Aquatic Ecosystem Restoration in Maryland
An ICC team member gently measures a rescued box turtle that was moved to a safe location prior to construction.
The Maryland State Highway Administration (SHA) took on the largest project in its history with the development of the Intercounty Connector (ICC), an 18-mile roadway connecting I-270, US-29, I-95 and US-1. To mitigate the ICC's environmental impacts, SHA mounted an extensive Environmental Stewardship (ES) effort in the Rock Creek, Northwest Branch, Paint Branch and Indian Creek watersheds that are crossed by the ICC. The Paint Branch aquatic system encompasses several small spring-fed streams that converge into a larger stream. Since 2003, SHA has been studying the stream water quality, designing and constructing ES interventions that will improve conditions in the Paint Branch watershed by preventing uncontrolled stormwater runoff, reconnecting floodplains, restoring natural contours to streams, and enhancing water-dependent habitats.
Crews prepare for the next step in the construction of Culvert Z, a bottomless BeBo, which Mill Creek will run through and will provide safe passage for wildlife.
The ICC runs through two Maryland counties—Montgomery County and Prince George's County—that have experienced intensive urban development since the 1960s. Stormwater management regulations were inadequate for much of this time period. Uncontrolled stormwater runoff from many communities degraded local water quality. The runoff also eroded stream channels, making the streams shallower and raising water temperatures, which is detrimental to species health.
As runoff problems intensified, the negative impacts spread beyond developed areas into protected areas such as the Upper Paint Branch Special Protection Area. The Special Protection Area consists of stream valley parklands located at the upper reaches of the Paint Branch watershed. This watershed provides a habitat for one of the last naturally reproducing populations of brown trout in Montgomery County. The Upper Paint Branch area is especially important for the trout's' survival because it supplies them with necessary coldwater baseflow and spawning/nursery areas.
These wetlands have been restored and are located just north of Bonifant Road in Contract B. PB 123.
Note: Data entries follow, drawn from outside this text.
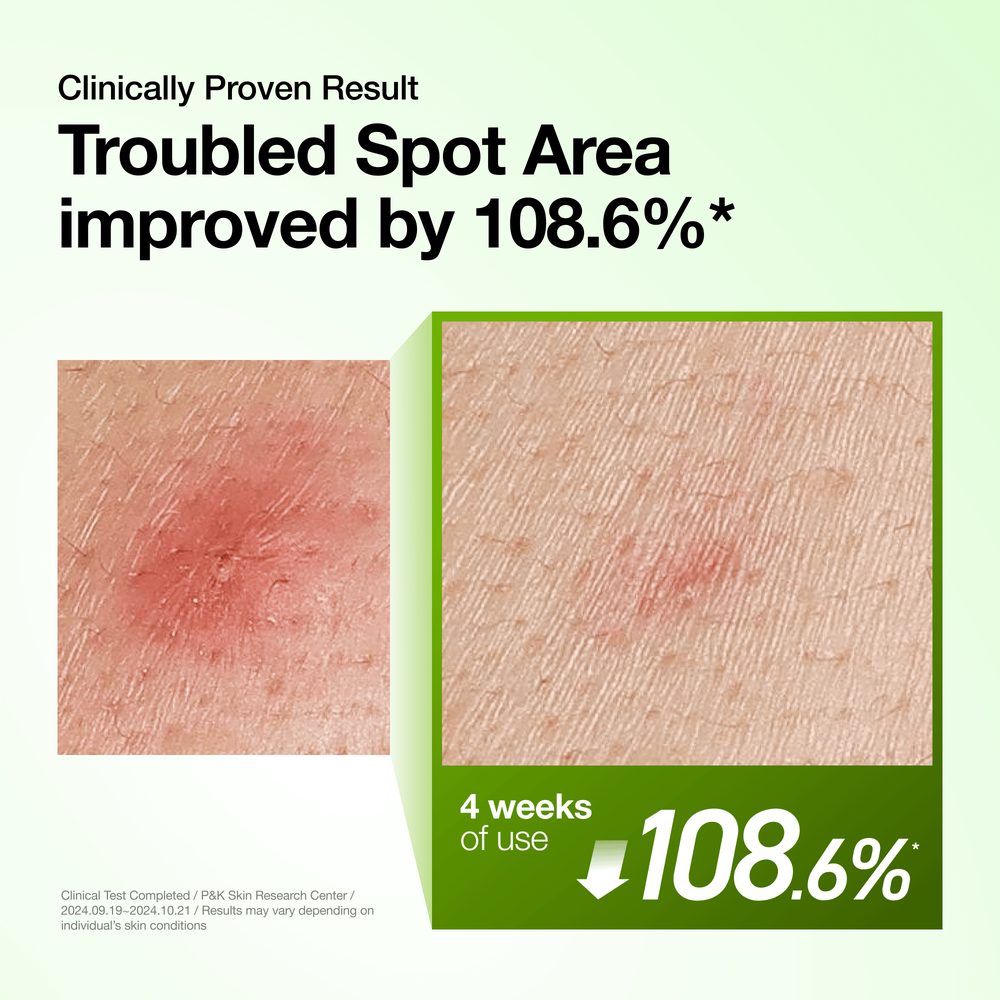 Anua Azelaic Acid 10 Hyaluron Redness Soothing Serum 30ml – før og etter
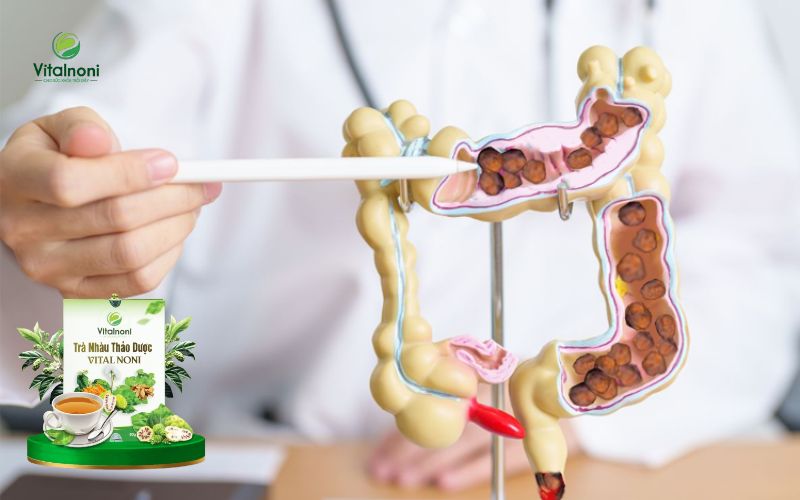 Lối sống ảnh hưởng nhiều đến tình trạng táo bón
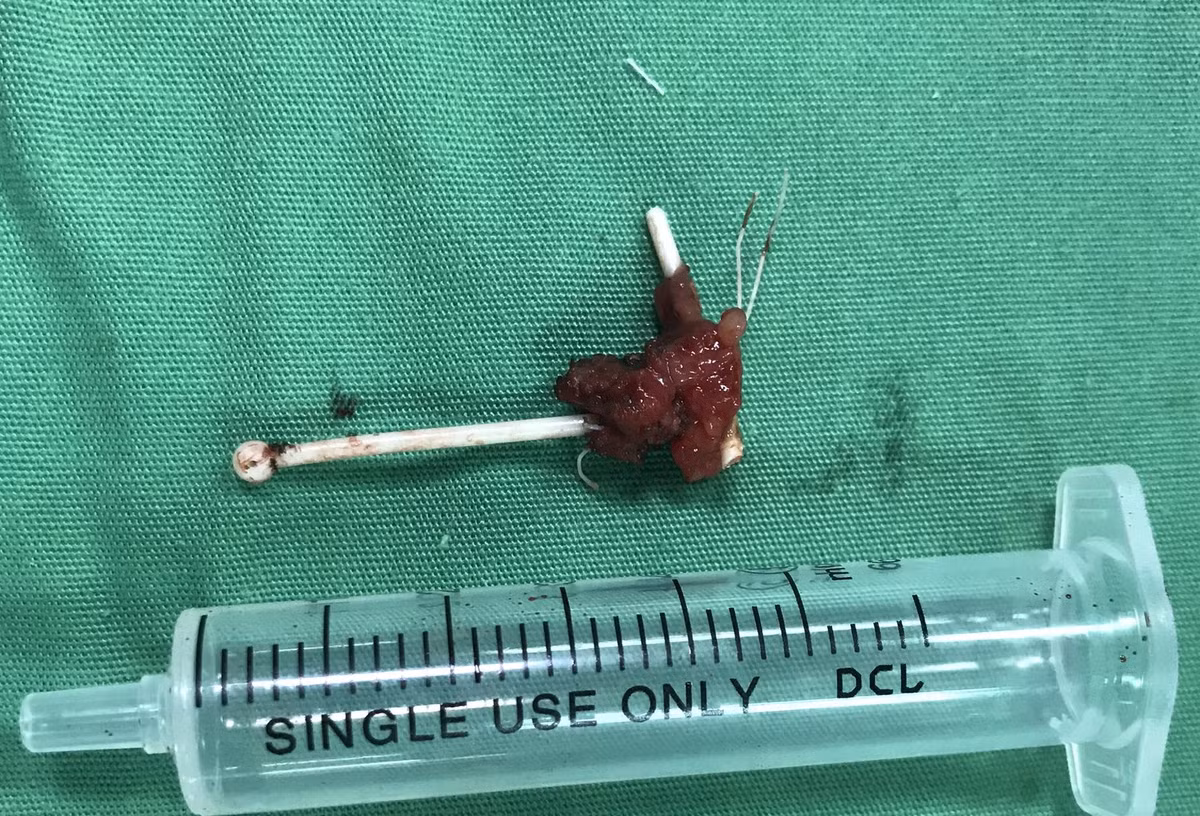 Vong tranh thai dam thung truc trang: Nhung tai nan dang so khac-Hinh-2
SHA invited county, state, and Federal agencies to participate in an Interagency Work Group (IAWG) to design an ES initiative for improvement of the Upper Paint Branch watershed. Agencies represented in the IAWG included the U.S. Environmental Protection Agency, the U.S. Army Corps of Engineers, the U.S. Fish and Wildlife Services, the National Park Service, the Federal Highway Administration, the Maryland Department of the Environment, the Maryland Department of Natural Resources, the Maryland Transportation Authority, the Maryland-National Capital Park and Planning Commission, Montgomery County, and Prince George's County.
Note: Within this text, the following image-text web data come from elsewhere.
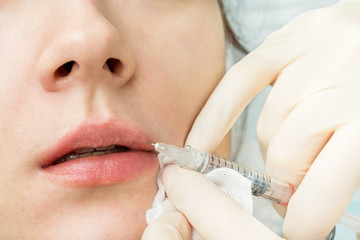 Professional cosmetic procedure is the increase in the upper lips with hyaluronic acid injections.real operation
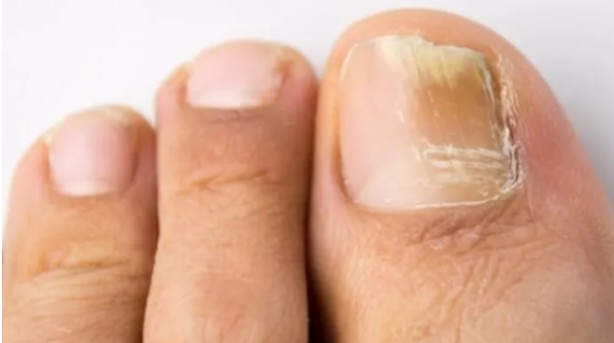 Foto - Tırnaklardaki siyah çizgilere dikkat: Uzmanı uyardı!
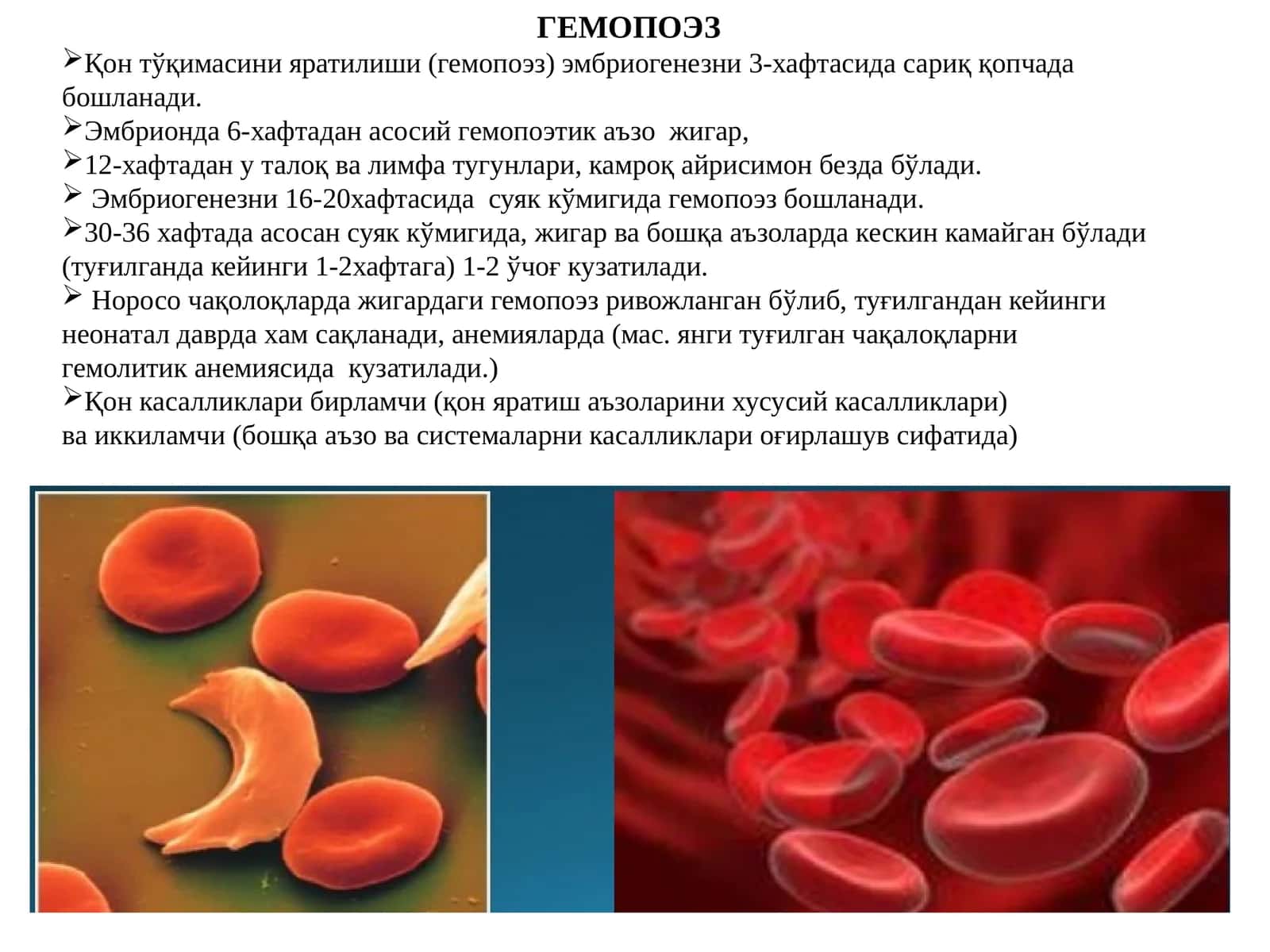 ГЕМОПОЭЗ
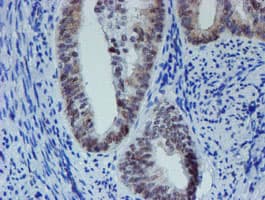 METTL16 / METT10D Antibody (clone OTI3B5)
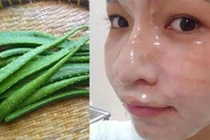 5 cách trị mụn bọc tại nhà, mụn to đến đâu cũng xẹp lép sau 1 đêm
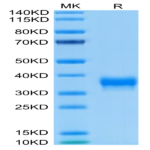 Biotinylated Human BTN1A1/Butyrophilin Protein (BTN-HM4A1B)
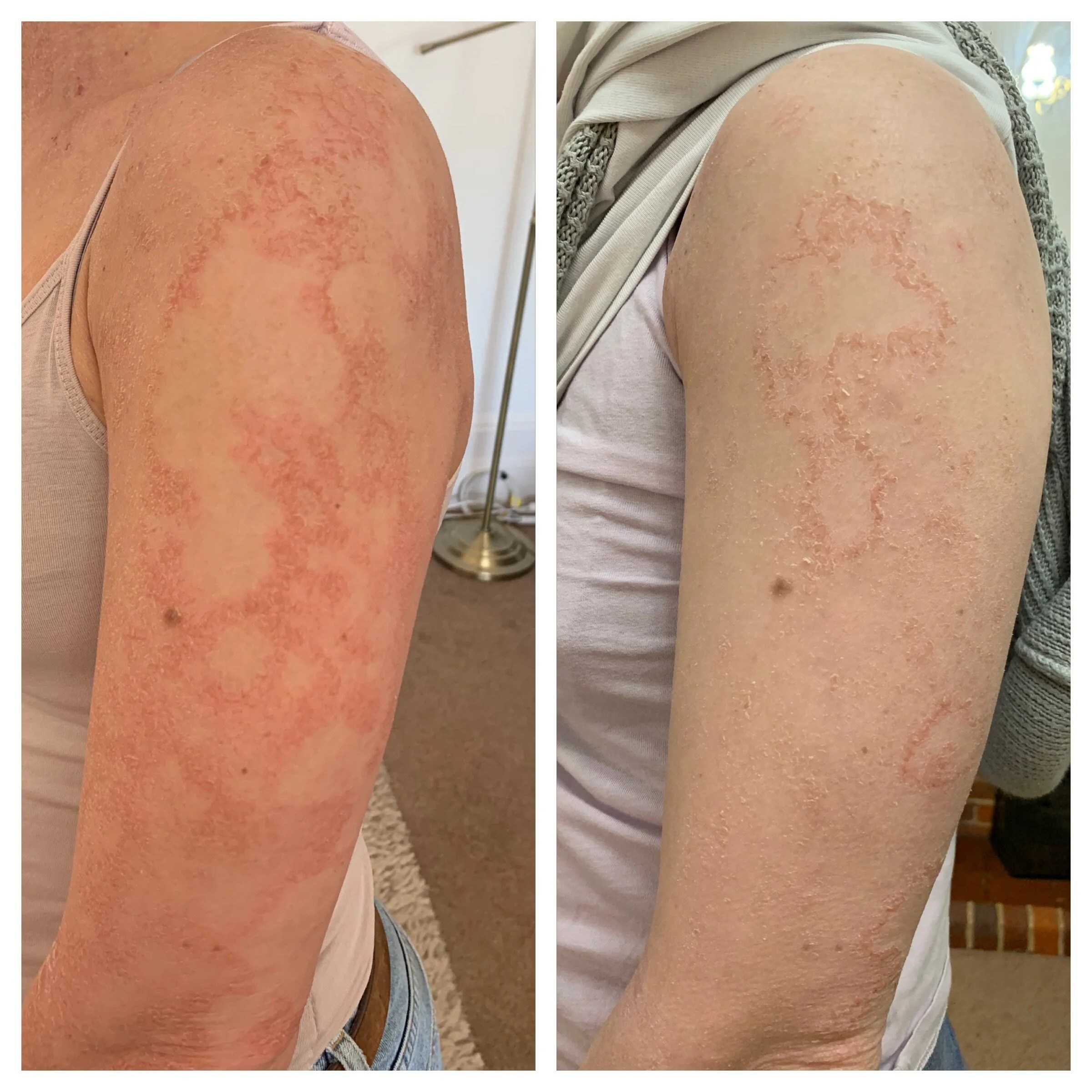 Identifying And Managing Fungal Infections — Decoding Topical Steroid Withdrawal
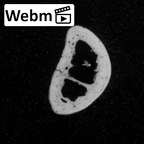 DV15-112 Homo sapiens hand phalanx second proximal right ct stack movie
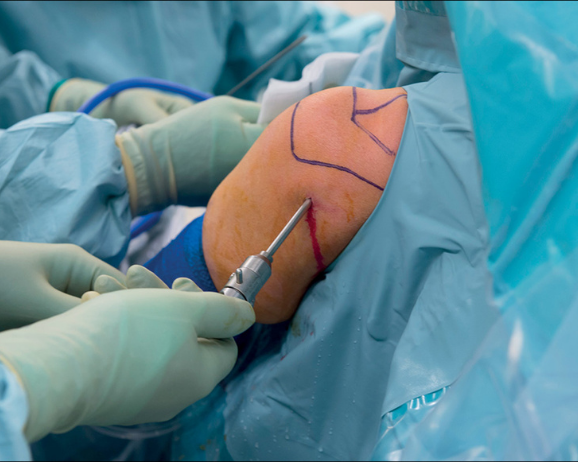 knee-arthroscopy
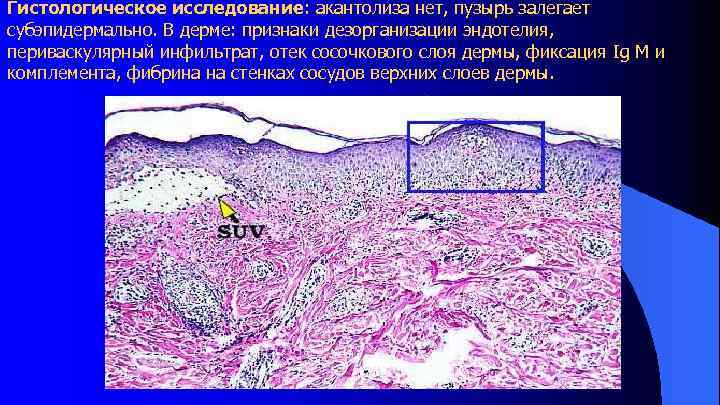 Гистологическое исследование: акантолиза нет, пузырь залегает субэпидермально. В дерме: признаки дезорганизации эндотелия, периваскулярный инфильтрат,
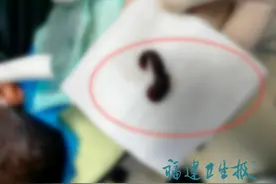 男子反复流鼻血，医生一查傻眼：取出一整条水蛭图片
The IAWG agencies provided data from Paint Branch watershed studies and reviewed SHA's assessment of existing conditions. The assessment results indicated that retrofitting the antiquated existing systems or constructing missing stormwater management systems in surrounding communities would make the greatest contribution toward improving the Upper Paint Branch ecosystem. ES interventions focus on three major concerns: dissipating stormwater to prevent erosion, promoting stormwater infiltration into the soil, and shading areas vulnerable to high water temperatures.
This active contract in the Paint Branch watershed is enhancing existing storm water management features within local neighborhoods.
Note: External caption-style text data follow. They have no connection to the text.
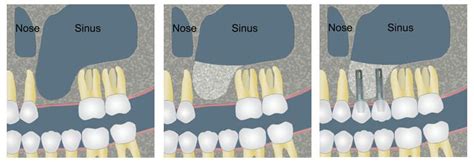 Sinus Lift Dental Procedures Dental Artistry Auckland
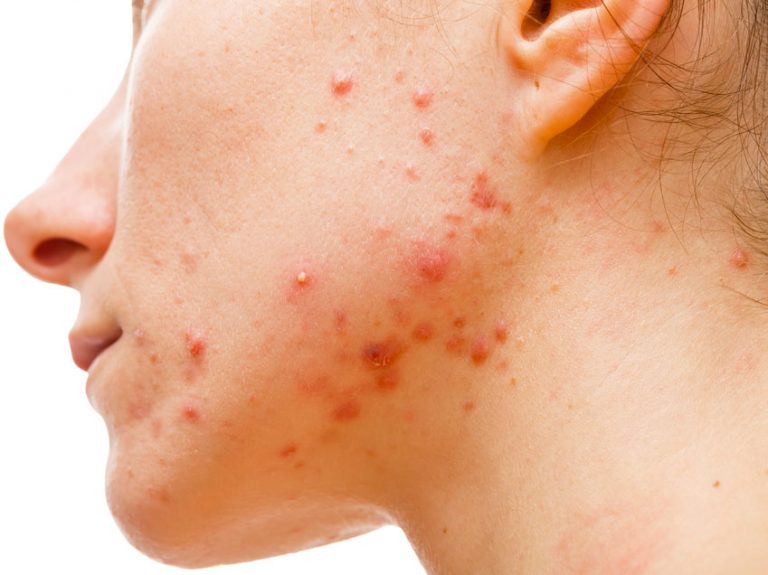Acne: come riconoscerla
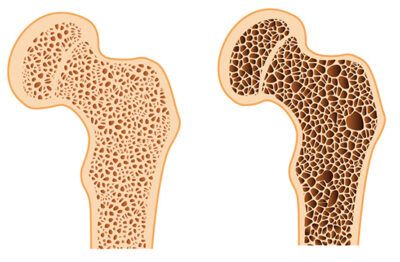 Osteoporosis del fémur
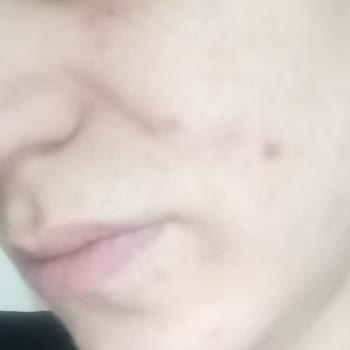 Eki aç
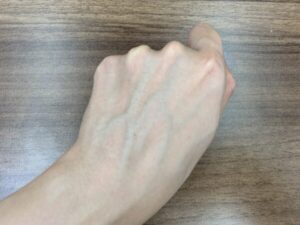 アンリンクル　ビフォー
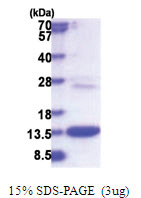COMMD6 (1-85, His-tag) Human Protein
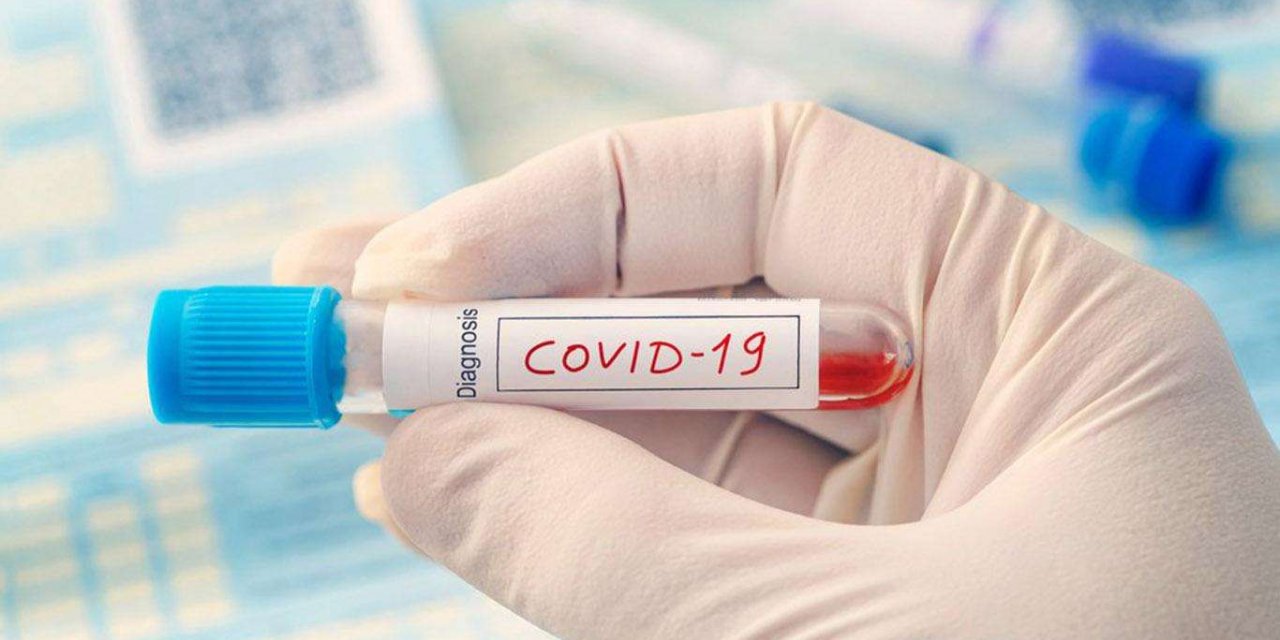 İngiltere'de Covid-19 gevşeme adımı 4 hafta ertelendi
Stormwater interventions will take place on both private and public lands. SHA has taken responsibility for gaining the buy-in of private homeowners and developing a number of mitigation strategies that would not adversely affect homeowners' personal properties. These strategies included removing concrete-lined ditches, increasing tree and ground cover around drainage areas, and creating bioswales to promote stormwater infiltration. SHA used the same strategies within the Montgomery County right of way to mitigate the effects of impervious road surfaces. Through the IAWG partnership, Montgomery County volunteered to take over the long-term maintenance of all projects on county-owned land.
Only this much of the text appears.